Re: [whatwg] URL spec and IDN

2014-03-17 Thread Anne van Kesteren
On Wed, Feb 19, 2014 at 11:53 PM, Joshua Cranmer pidgeo...@verizon.net wrote:
 I've noted that the URL specification is currently rather vague when it
 comes to IDN, and has some uncertain comments about issues related to
 IDNA2003, IDNA2008, and UTS #46.

Yeah, it is a clusterfuck. I'm working with the guys behind UTS #46 on
cleaning it up, but due to vacation et al it's taking some time.


 Roughly speaking, in my experience, there are three kinds of labels:
 A-labels, U-labels, and displayable U-labels. A-labels are the
 Punycode-encoded version of the labels used for DNS (normalized to ASCII
 lower-case, naturally). U-labels are the results of converting an A-label to
 Unicode. Displayable U-labels are A-labels converted to U-labels only if
 they do not contain a Unicode homograph attack. My drawing a distinction
 between the displayable U-label and the regular kind is out of concern
 that the definition of displayable may change over time (e.g., certain
 script combinations are newly permitted/prohibited), whereas the U-label
 derived from an A-label should be constant.

Agreed. At some point we should make this clearer in the specification.


 Given these three kinds of labels, it ought to be possible (IMO) to convert
 a generic domain in any (i.e., unnormalized) format. The specification
 currently provides for a domainToASCII and a domainToUnicode function which
 naturally map to producing A-labels and U-labels, but contains a note
 suggesting that they shouldn't be implemented due to the IDNA clusterfuck.
 The way to a displayable U-label would seem to me to come most naturally
 via |new URL(http://; + domain).host|.

No, we should have a dedicated domainToUI() or some such. A parsed URL
contains A-labels. We might want to have something similar for URLs
themselves. To convert percent-encoding and such.

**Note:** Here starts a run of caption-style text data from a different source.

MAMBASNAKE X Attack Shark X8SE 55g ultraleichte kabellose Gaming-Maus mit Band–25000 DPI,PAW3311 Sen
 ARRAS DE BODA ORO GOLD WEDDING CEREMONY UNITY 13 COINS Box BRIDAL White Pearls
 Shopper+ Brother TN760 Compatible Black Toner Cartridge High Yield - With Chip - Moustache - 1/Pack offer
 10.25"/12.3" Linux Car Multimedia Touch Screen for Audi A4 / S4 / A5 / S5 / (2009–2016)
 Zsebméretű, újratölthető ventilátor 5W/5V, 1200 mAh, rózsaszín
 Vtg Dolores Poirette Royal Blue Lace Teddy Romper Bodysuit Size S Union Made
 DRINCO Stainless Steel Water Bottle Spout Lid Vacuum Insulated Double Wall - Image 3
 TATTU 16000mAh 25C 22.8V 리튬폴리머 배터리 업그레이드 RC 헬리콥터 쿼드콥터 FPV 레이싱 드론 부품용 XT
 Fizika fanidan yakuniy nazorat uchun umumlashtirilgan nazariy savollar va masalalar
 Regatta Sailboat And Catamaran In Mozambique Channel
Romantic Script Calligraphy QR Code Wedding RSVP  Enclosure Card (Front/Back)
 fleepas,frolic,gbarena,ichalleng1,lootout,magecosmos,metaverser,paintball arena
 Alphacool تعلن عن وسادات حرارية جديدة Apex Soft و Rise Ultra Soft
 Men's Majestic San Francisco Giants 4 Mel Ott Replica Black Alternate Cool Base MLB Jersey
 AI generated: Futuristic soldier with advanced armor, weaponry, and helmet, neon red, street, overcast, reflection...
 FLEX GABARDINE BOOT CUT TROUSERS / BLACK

 Looking at the spec, it's not clear if the host, href, and other methods are
 supposed to return U-labels or A-labels (or some potential mix of the two).

It's A-labels, see http://url.spec.whatwg.org/#concept-host-parser for details.


 I'm guessing the reason why the domainTo* methods are unspecified are due to
 inconsistent handling of IDNA2008 by current web browsers, ...

Right.


 * Chrome's documentation calls out ignoring STD3 rules (i.e., permitting
 more ASCII characters) and disallowing unassigned code points. IE's
 documentation does not suggest what they do here.

You want to allow e.g. _ as that is used by subdomains. However, if
you ignore STD3, you need additional checks later on to prevent
reparsing issues. The URL Standard calls out the specific code points
that are problematic here.


 1. Expressly identify how to normalize and process an IDN address under
 IDNA2008 + UTR #46 + other modifications that reflects reality. I'm not
 qualified to know what happens at precise edge cases here.

Yeah this is the plan, once UTR #46 has some changes I proposed. See
http://www.unicode.org/review/pri264/ if you're interested.


 2. Resolve that URL should reflect U-labels as much as possible while
 placing the burden of avoiding Unicode homograph attacks on the browser
 implementors rather than JS consumers of the API.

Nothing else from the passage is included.